Three women attended a press conference with activists from the Moroccan Association for the Rights of Victims, where they announced that they would be bringing Bouthier to court for human trafficking, sexual harrassment, and verbal abuse.
Bouthier, according to the victims who appeared in the conference under pseudonyms and with face masks and sunglasses, fired them after they resisted his sexual harrassment and blackmail, in incidents that happened between 2018 and 2022.
“I worked up the courage to talk today because I want to give a lesson to all harassers,” one of the victims said during the conference. “But also to send a message of hope to all victims of sexual harrassment.”
“It’s time for us all to wake up and stop normalizing workplace harassment,” she added.
Another victim said Bouthier inappropriately touched her during work, causing her “a great shock.”
The complaints, which have been sent to Tangier’s Attorney General, also implicate other French and Moroccan executives, who allegedly presented their victims with monetary rewards for sex and threatened them with firing as well as with death threats.
Guellaa Aicha, the association’s president said that they possess all the evidence necessary to prove Bouthier’s guilt and that of the other executives, adding that more victims want to break their silence.
Bouthier is currently incarcerated in France under charges of kidnapping and raping a minor, after a preliminary investigation that ended in May found him guilty, alongside four others, of sexual misconduct.
Despite harsh punishments in the law for perpetrators of sexual harrassment, women still face big social barriers when coming out with stories about their abusers.
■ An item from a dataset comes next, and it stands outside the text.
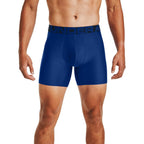 Under Armour Men's Multi-Pack Standard Tech Boxer Brief, 6" Inseam, All-Day Comfort & Ultra-Soft
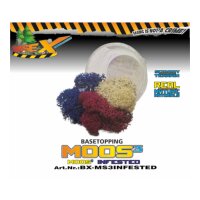 Basetopping: MOOS³ SET INFESTED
Many are ostracized in the workplace and find it difficult to find new jobs in what activists describe as a male-dominated and patriarchal system, causing many women to instead choose not to come out with their stories of abuse.
Read also: Oujda-Based Association Raises Awareness on Sexual Harassment, Violence Against Women
But with the advent of the #MeToo movement in the US and its “#BalanceTonPorc” equivalant in France, the past few years have seen a global push for victims of sexual harrassment and domestic abuse to come forward with their stories.